▶ Entries shown:
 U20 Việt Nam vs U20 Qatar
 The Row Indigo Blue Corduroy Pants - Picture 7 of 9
--
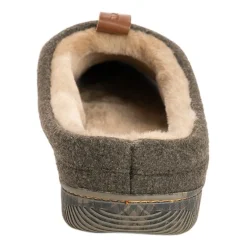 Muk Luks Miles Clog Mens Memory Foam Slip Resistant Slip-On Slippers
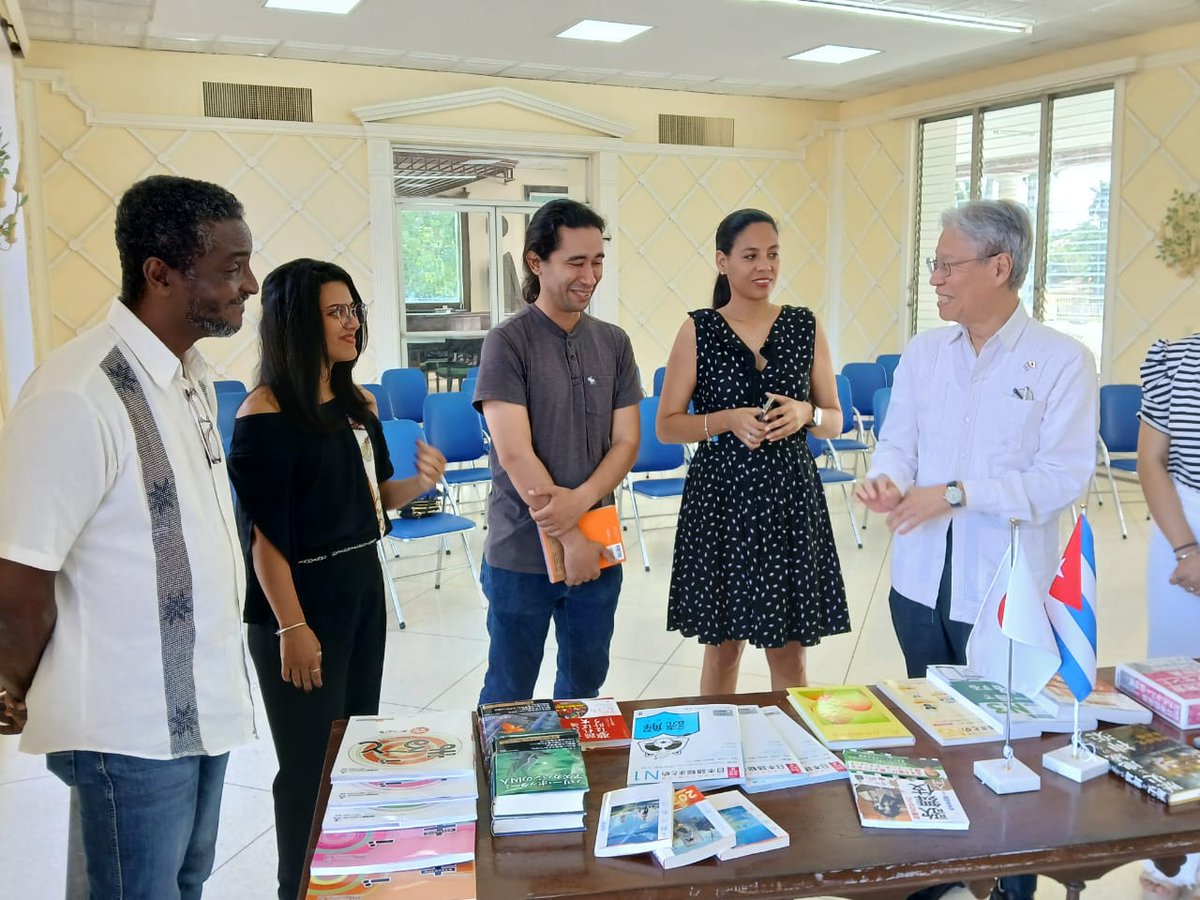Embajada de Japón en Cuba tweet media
...
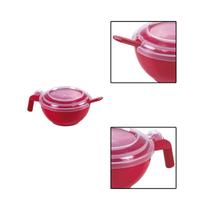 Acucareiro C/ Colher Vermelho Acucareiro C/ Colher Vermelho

▶ Task to carry out: In the entries above, find the line with "U20 Việt Nam vs U20 Qatar" and the line with "The Row Indigo", then restate word for word both of them and every line between, with nothing more.

▶ Written response:
 U20 Việt Nam vs U20 Qatar
 The Row Indigo Blue Corduroy Pants - Picture 7 of 9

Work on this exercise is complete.